At school, most of the books for kids my age were too easy to read, so I stuck to ghost stories because they were entertaining. I love ghosts! This was before YA really took off as a thing, so I went right from kids’ fiction to adult fiction. I still don’t read YA very often because I am picky about the fiction I read, and it’s not often that a YA piece passes all of my nope criteria.
I didn’t learn that most writers do not make this much effort when creating anymore until I made an effort in the late 2010s to join writing Twitter conversations, which were an ill fit for me because it’s about when I realized that I’m a worldbuilder who happens to write niche artisanal stories. I saw a well-known author who has won awards push back against even the basics of writing a naming conlang (a conlang which is undeveloped and which has the sole purpose of giving personal and place-names a unified cultural feel, usually made by selecting sounds and syllable creation rules) in favor of writing names based on vibes and reader expectations. Commercial writers work very differently, in other words.

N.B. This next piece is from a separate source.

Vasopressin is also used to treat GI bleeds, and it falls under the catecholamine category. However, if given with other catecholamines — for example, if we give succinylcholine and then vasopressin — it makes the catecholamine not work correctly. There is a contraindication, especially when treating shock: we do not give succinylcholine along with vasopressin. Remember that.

One of the reasons global warming on Earth is causing changes in rain patterns is that the equator is wet, an area beyond the equator in both directions is dry, and then it becomes wet on towards the temperate zones and the poles. The equatorial wet zone and the dry bands that follow them in the northern and southern hemispheres grow wider as a planet warms, according to many scientists who study such things. I live at the bottom of the wet zone in New England in the 4°C warming scenario, although much of New England will have low habitability due to coastal storms.

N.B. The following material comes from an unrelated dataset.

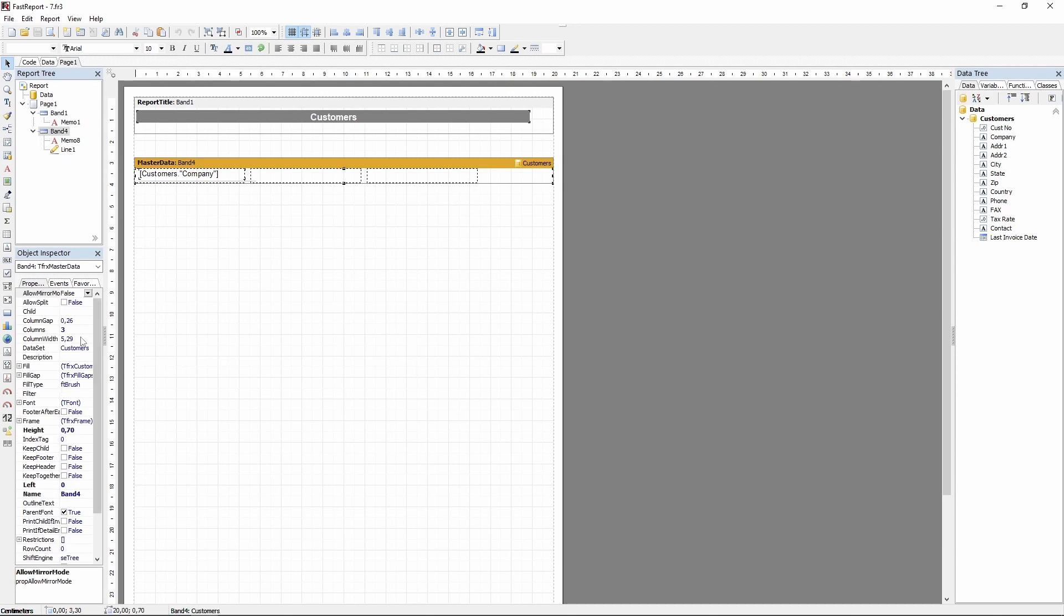The same Columns property is set for the data band itself and not for the page. Also notice that unlike the page-wise columns, which get divided evenly, here you can set the ColumnWidth property.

There is no word for blue in most of my conlangs; I almost always use the word opaque or some variant because blue eyes, the sky, and the sea are all illusions of color. For darker blues, much of the time I write the words purple or indigo, we’re actually talking about dark blue shades and/or navy — color words occupy a different semantic space in my work than they do in traditional English usage. Of course, purple and indigo just as often mean colors we assign to the semantic space of purple and indigo, too.